Indian politician (1914–1997)

Adani in 1973

Ratubhai Mulshankar Adani (13 April 1914 – 5 September 1997) was an Indian politician and social activist from Gujarat. He served as a member of legislative assemblies of Saurashtra, Bombay and Gujarat as well as minister in cabinets of these states.

== Early life ==
Adani was born on 13 April 1914, in Jasdan or he was born in taravada village of amreli district Gujarat, India). Influenced by Mahatma Gandhi, he participated in Indian independence movement. In 1930, he was imprisoned for two years for participating in the Dholera movement. In 1936, he was involved in social and economic activities in Taravada village near Amreli. He founded the Kathiawad Kranti Dal (Kathiawar Revolution Force) during the 1942 Quit India Movement. Following the independence of India, he served as the Commander-in-Chief of the People's Army of the Arzi Hakumat (provisional government) which was instrumental during the annexation of Junagadh in 1947.

== Political career ==
Adani was elected as a member of constitution assembly of Saurashtra in 1948. He was later elected as a member of legislative assembly of Saurashtra State in 1952 from Keshod constituency and served as a minister in state cabinet. Following merger of Saurashtra with Bombay State, he was a minister of Panchayat, prohibition and cottage industry department. Following establishment of Gujarat in 1960, he served as a minister of public works and labour department. Following the 1962 election, he was a minister of road and public works department under Jivraj Mehta government from 1962 to 1963. During his tenure, Panchayati Raj was established in Gujarat. He later served as a minister of agriculture, forest, cooperatives and Panchayat department under Balwantrai Mehta government from 1963 to 1965.
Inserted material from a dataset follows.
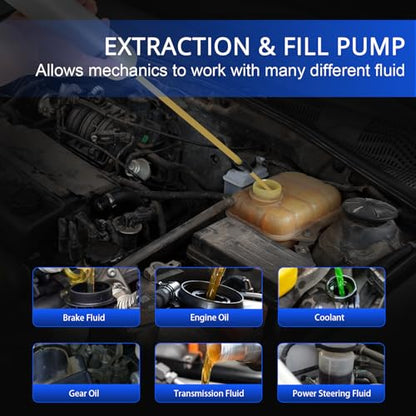 YSTOOL 200CC Manual Fluid Extractor & Fill Syringe Kit 46" Hoses in Total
He was also president of Gujarat state unit of Indian National Congress from 1970 to 1972. He again served as the minister from 1972 to 1974. In 1977, he was responsible for Congress (I) in Gujarat. He voluntarily retired from politics and served in social organisations.

He wrote Dithu Me Gamadu Aa and Satyagrahna Samaranganma Volume I-II.

He died on 5 September 1997, aged 83, in Rajkot.